Leveraging rough set theory, we introduce the MGRA mechanism, which employs a coarse-to-fine progressive feature refinement strategy. Initially, coarse-grained features are used for rough localization of the polyp region (upper approximation). Subsequently, fine-grained features iteratively refine boundary details (lower approximation), enhancing the distinction between polyp regions and normal tissues.
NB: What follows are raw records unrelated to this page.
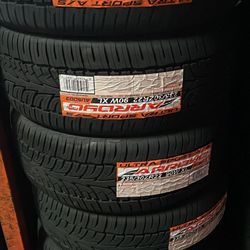 235 30 22 Llantas Nuevas 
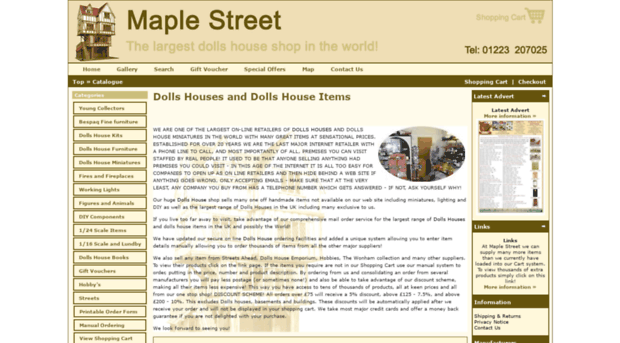 maplestreet.co.uk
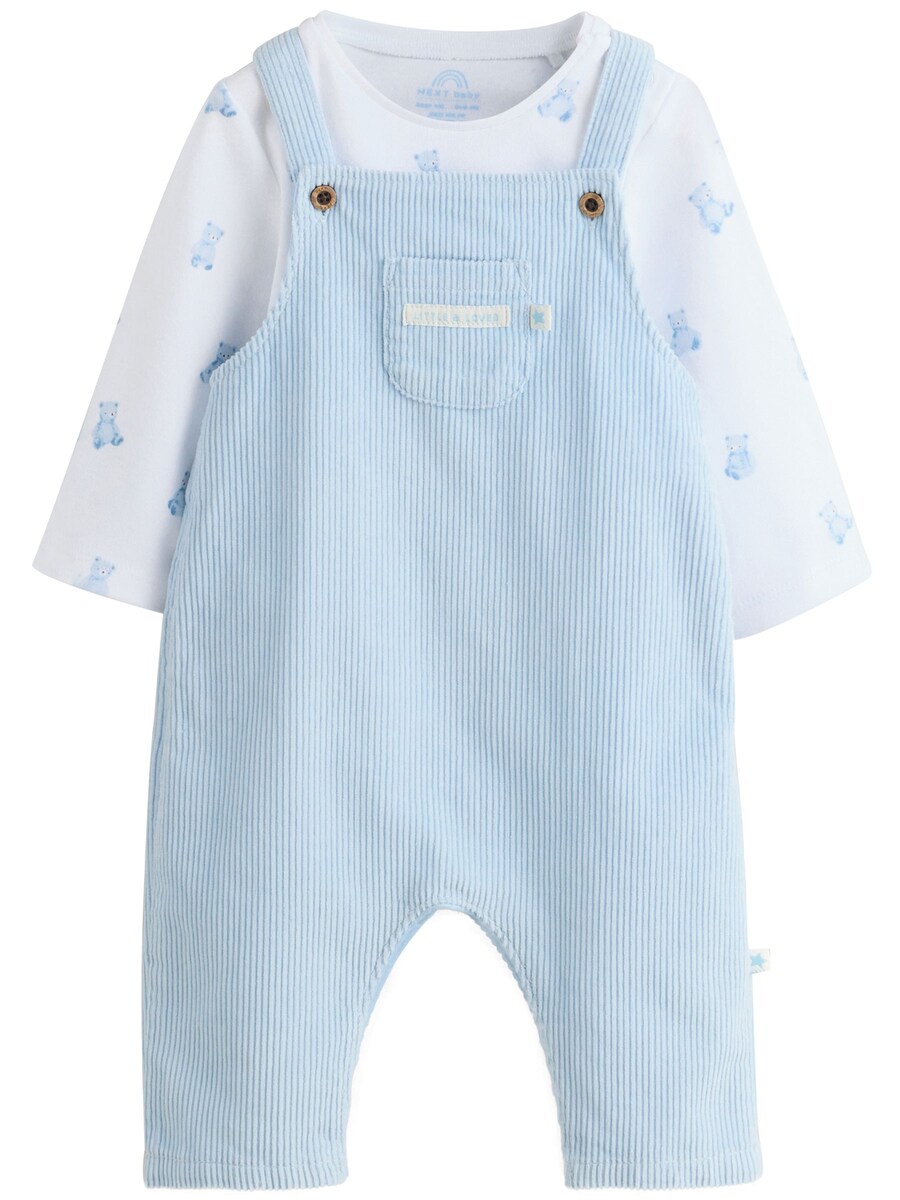 Набор Next, светло-голубой
Набор Next, светло-голубой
This strategy improves the network’s ability to handle ambiguous boundaries and reduces computational complexity while ensuring high segmentation accuracy.
The structure of this paper is arranged as follows:
Section 2 reviews related research work.
Section 3 provides a detailed introduction to the architecture of S-MGRAUNet, its core modules, and the experimental setup.
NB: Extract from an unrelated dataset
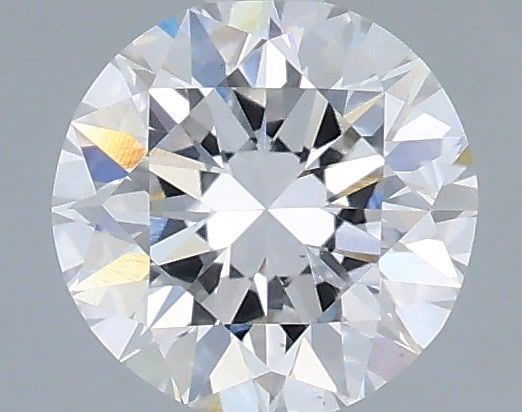 0.68 ct. round Lab Grown Diamond front image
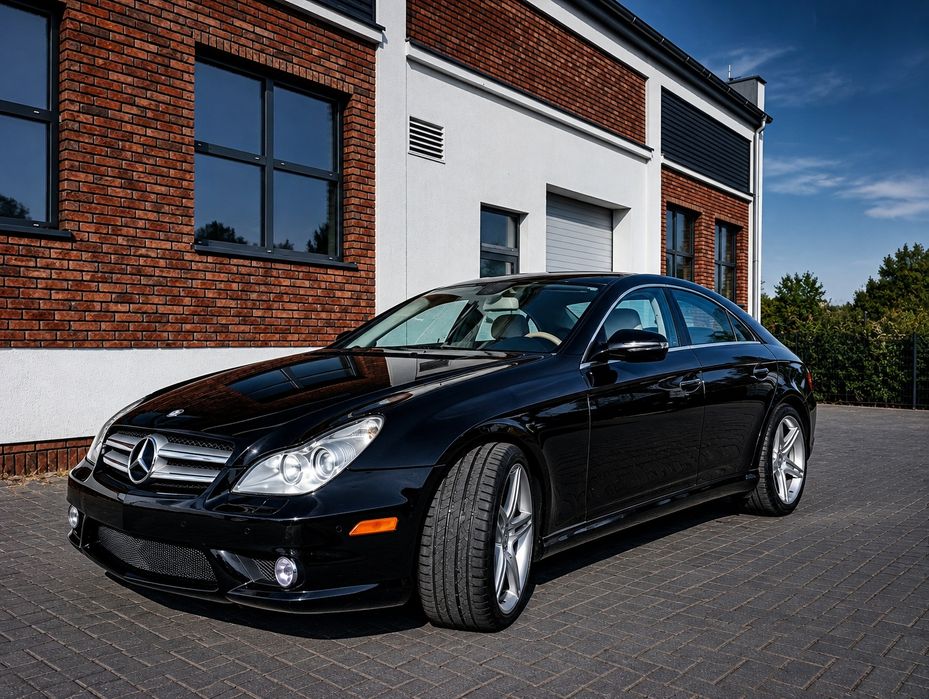 Mercedes CLS 550 , 5.5 , 5,5 w219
Section 4 analyzes the experimental results and discussion, while also evaluating the model’s performance on benchmark datasets.
Section 5 concludes the study and outlines future research directions.
5. Conclusions
This study proposes the S-MGRAUNet network to improve the accuracy of polyp segmentation while reducing computational complexity. Compared with traditional U-Net and its variants, S-MGRAUNet integrates MGHF, DGPS, and MGRA to achieve efficient feature extraction, contextual modeling, and boundary refinement. Experimental results show that the proposed method performs excellently on multiple benchmark datasets, particularly in boundary refinement and maintaining the integrity of target regions.
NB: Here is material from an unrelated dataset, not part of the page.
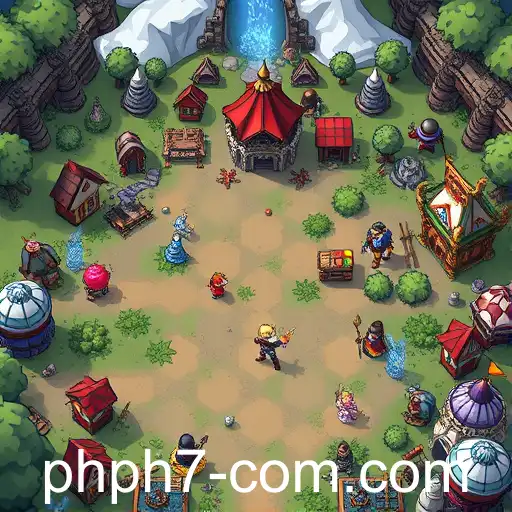 Exploring the World of RPG Games on PHPH7.COM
Compared with existing methods, traditional deep learning networks for polyp segmentation mainly rely on global or local features, making it difficult to capture multi-scale information simultaneously. As a result, small polyps or polyps with unclear boundaries are prone to over-segmentation or under-segmentation. Although multi-scale fusion and attention mechanisms can improve segmentation accuracy, they often come at the cost of increased computational complexity. In this study, the MGHF module combines small-scale convolutions with strip convolutions, which can approximate large-scale convolutions, reducing complexity while enhancing the representation capability of polyp morphology from a directional perspective. The DGPS mechanism optimizes feature interaction between polyps and the background through dynamic weight allocation, improving the model’s ability to focus on important features and thus enhancing segmentation robustness. At the same time, this mechanism adaptively adjusts weights, reducing computational redundancy caused by fixed weights and further lowering resource consumption. MGRA first utilizes coarse-grained features to quickly locate polyps and then gradually refines their boundaries to improve computational efficiency.
Experimental results indicate that S-MGRAUNet not only improves segmentation quality but also enhances the transparency of network decision-making, providing new insights for computer-aided diagnosis. In the future, we will further investigate the adaptability of this method to large-scale datasets and different modalities to enhance its generalization ability and clinical application value. Additionally, this study integrates multi-granularity knowledge from granular computing and rough set theory with U-Net as the backbone network, providing potential theoretical support for our subsequent research on the interpretability of neural networks.